Talks by Sringeri Acharyals - XIV

The Almighty impels man to act


The stability of the entire universe, in fact its very survival, is dependent on the operation of the law of virtue. The Lord Himself had declared in the Bhagavad Gita, ``With this (the divine constitution), you nourish the shining ones and may the latter illumine you. Thus nourishing one another, you shall reap the supreme good''. ``God has prescribed this moral law for humanity in the form of the Vedas which are His instructions for a life of purity.

A question that often troubles many is whether God can appear before us. If not, what is the meaning of divine grace. The fallacious answer provided by some in modern times is that the utterances of the ancient wisdom and of the divine mercy, appear to be concocted by a few to deceive the common man. As against this and to convince people of the merits of saints and of the Vedas, an appropriate reply has also been rendered as to what constitutes divine grace.

The beautiful verse in this respect says, “God's blessings do not mean that He will go about with a staff in His hand as a shepherd does when he drives the animals to a meadow.'' This is to be understood as that He will bestow on us the proper motive for action. Every action we do is stimulated by an urge to perform it. Without such a spur, one does not act at all. The desire and the urge emanate from the Almighty's grace. If that be so, the skeptics will ask, why should not His grace be only for the performance of pious deeds and why should the urge to do evil acts arise?

This apparent riddle has been answered by Sri Bharathi Theertha Mahaswamigal of Sringeri Sarada Peetam.
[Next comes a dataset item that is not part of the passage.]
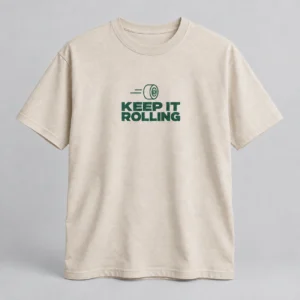 Keep It Rolling Tee in Oat / Forest — compact graphic concept mockup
Urge for indulging in wicked deeds also is from the Divinity, he says. Does that mean that God's intention is that we can do such prohibited acts? If so, what sort of God is He is the next query? Does He, who is the object of our veneration and devotion, and whom we consider worthy of worship, goad us to perpetrate them?

The scriptures explain that one has to reap the consequences for the evil deeds done in one's previous birth. Because of this, God does not become responsible and He cannot be blamed. The succession of rebirths, wherein we ought to reap the consequences of our past actions continues from time immemorial. This concept of reaping the consequences of one's previous actions is neither improper nor unscriptural. Hence, those eager to procure God's grace and who want to please Him should abide by the law laid down by Him. He has given us the power of discrimination and it is for us to use it properly. A sword given by a father to his son for use in case of war, should not be instead utilized to chop off his own neck. If he does, is it the fault of the father or the son?